**Excerpted data**
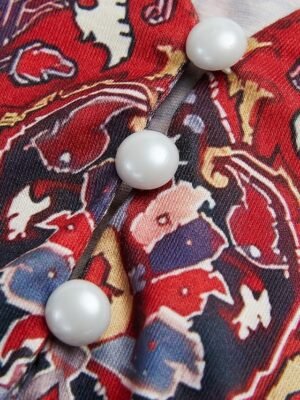 Vintage Ethnic Regular Floral V Neck 3/4 Sleeve Henley Shirt - Image 5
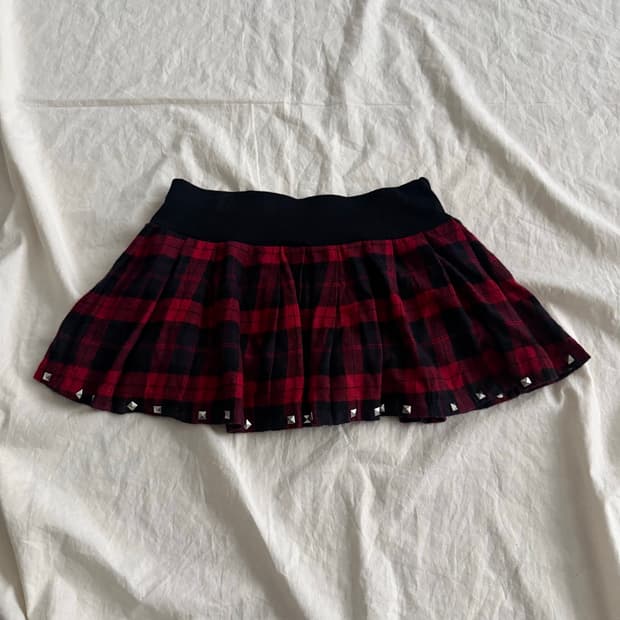 캐캐체 갸루펑크 나나펑크 체크 마이크로 미니 스커트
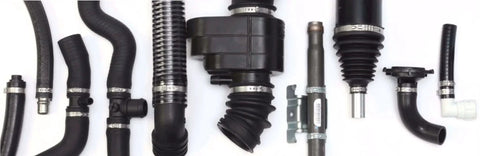 Various automotive pipes and components with clamps for assembly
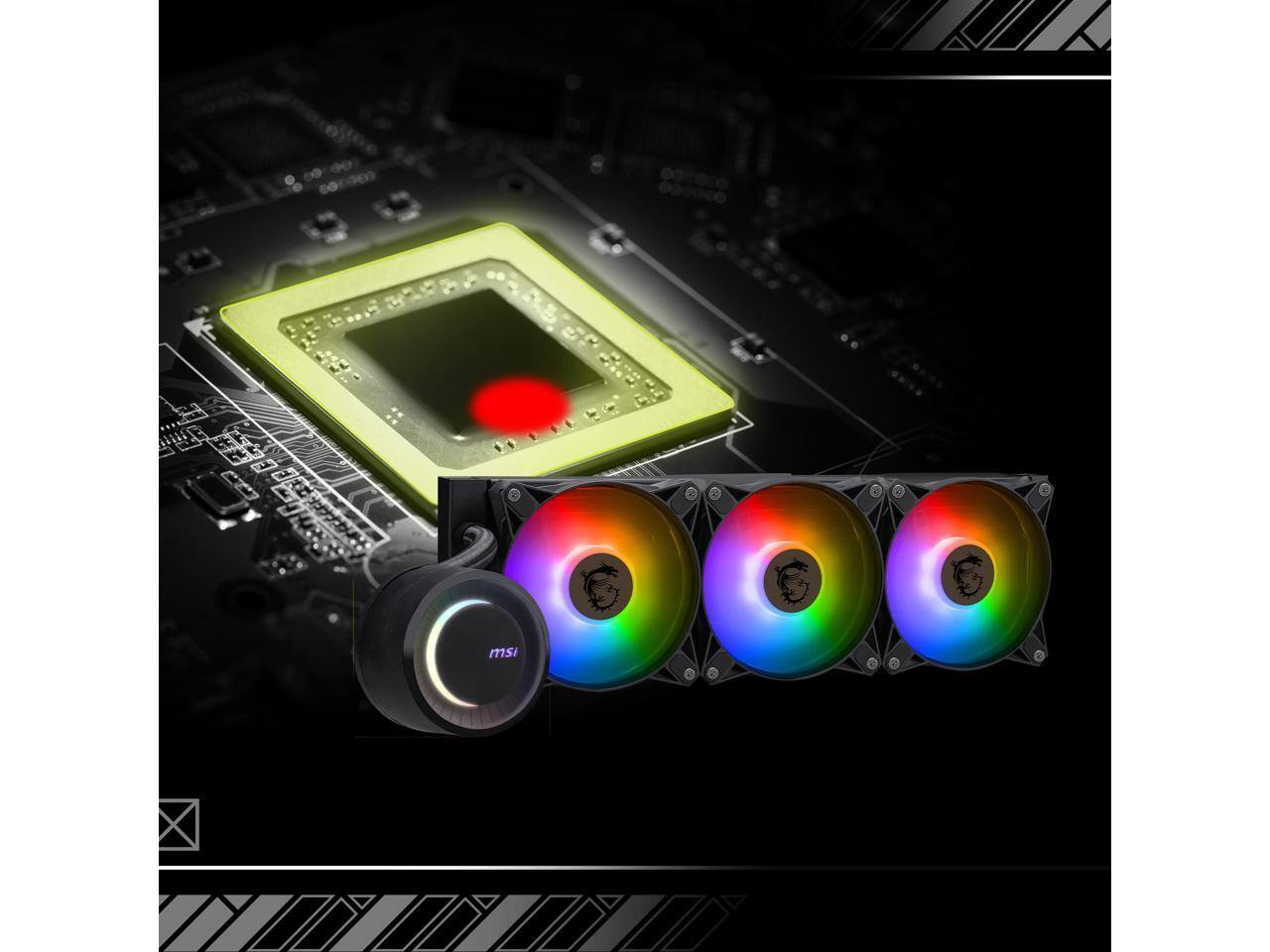 Alt View 4. MSI - MSI MAG CoreLiquid E360 Black - 360mm AIO ARGB Cooler - Triple 120mm Fans - LGA/AM5 - Black.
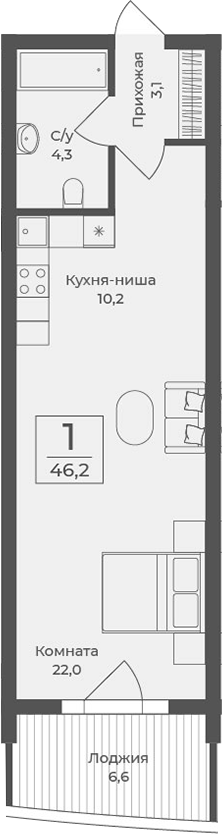 Планировка — Форос, Студия, 40 м²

**Exercise objective**
The records above, minus their pictures, are to be returned verbatim.

**Response to this exercise**
 Vintage Ethnic Regular Floral V Neck 3/4 Sleeve Henley Shirt - Image 5
 캐캐체 갸루펑크 나나펑크 체크 마이크로 미니 스커트
 Various automotive pipes and components with clamps for assembly
 Alt View 4. MSI - MSI MAG CoreLiquid E360 Black - 360mm AIO ARGB Cooler - Triple 120mm Fans - LGA/AM5 - Black.
 Планировка — Форос, Студия, 40 м²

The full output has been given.